The case of Bell Canada v Adam Lackman concerned the sharing of software add-ons on the website "TVAddons", operated by Mr Lackman. The KODI media player is an open source piece of software that enables the play of various types of multimedia. Various types of infringing content can be accessed using the media player when certain add-ons are added to it, which allow it to access and stream content hosted on the Internet; many of which were shared on the TVAddons website. Another piece of software was shared on the site called "FreeTelly", a modified version of KODI that allows a user to access infringing materials, and instructions on the installation and use of add-ons. Bell Canada objected to the potentially infringing materials shared on the website shared on the website and sued Mr Lackman for copyright infringement.

The case concerned an Anton Pillar order (discussed in more depth here), and whether the judge at first instance erred in their judgment on the order's standards' application to the facts at hand. The appellant argued that the court had mischaracterised their activities as infringing (when only a small number of add-ons were infringing), and therefore misapplied section 2.4 of the Canadian Copyright Act that deals with communication to the public.

Some add-ons are little less useful
The Court agreed that the judge at first instance had mischaracterised the activities of Mr Lackman (and TVAddons), and that they misunderstood the nature of their activities.
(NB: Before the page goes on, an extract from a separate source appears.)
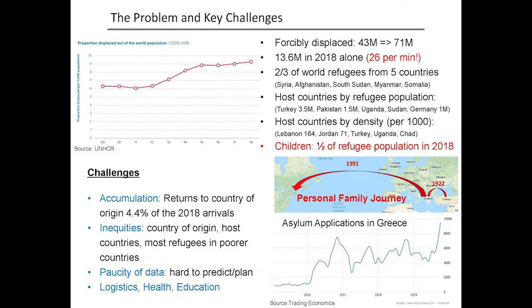Some of these numbers appeared in the slides that Mohamed and Gary showed. There's clearly a substantial increase in the number of people displaced from 2009 to 2018. The number of forcibly displaced increased from 43 million to 71 million. Just in 2018 alone, there were about 13.6 million displaced individuals — 26 per minute.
Only 16 of 22 'Features' add-ons were tested, which doesn't even scratch the surface when over 1,500 add-ons are provided on the site. Similarly, the appellant's website, calling it a 'mini Google', when the provision of add-ons simply facilitated a quicker, more direct form of infringement by avoiding adds and providing easy access to links.

Having misunderstood the above, the judge had therefore also misapplied the law in relation to communication to the public. The Court considered that Mr Lackman, contrary to the decision at first instance, had communicated the works to the public, as "…the respondent’s website is not content neutral as it targets copyrighted content" by providing access to add-ons that are designed to provide unauthorized access to motion pictures and on-demand and/or live television programming. Having these add-ons, according to the Court, is akin to "…providing embedded links or automatically precipitating a path to copyrighted content". The same applies to programs that either aid in the installation of add-ons, or have pre-installed add-ons already to do the same.

In the light of the above the Court determined that the operation of the site clearly would not fall under the mere conduit exemption, but facilitates access to infringing materials. The site's branding also clearly encourages and highlights the site's purpose for the infringement of copyright through the add-ons, which additionally demonstrates clear knowledge by Mr Lackman of the hosted material.

The Court drew a parallel to the sale of pre-loaded set-top boxes in Bell Canada v iTVBox.net that allowed the user to access, for free, copyright protected content online. What is interested is that the ultimate source for the add-ons for the set-top boxes was TVAddons. As with the set-top boxes, the site would not be acting as a mere conduit, but a facilitator for the infringement of Bell Canada's rights.

Ultimately the Court did conclude that the judge at first instance erred in their decision and that Bell Canada would have a strong prima facie case for copyright infringement. Following the determination of likely copyright infringement, the Court also issued an injunction against TVAddons.

While the case's main focus was not the legal argumentation around copyright infringement, it still sets an interesting, a continuing precedent, where the Canadian courts are very likely to prevent the sharing of content online that facilitates infringement. This clearly now includes both hardware and software.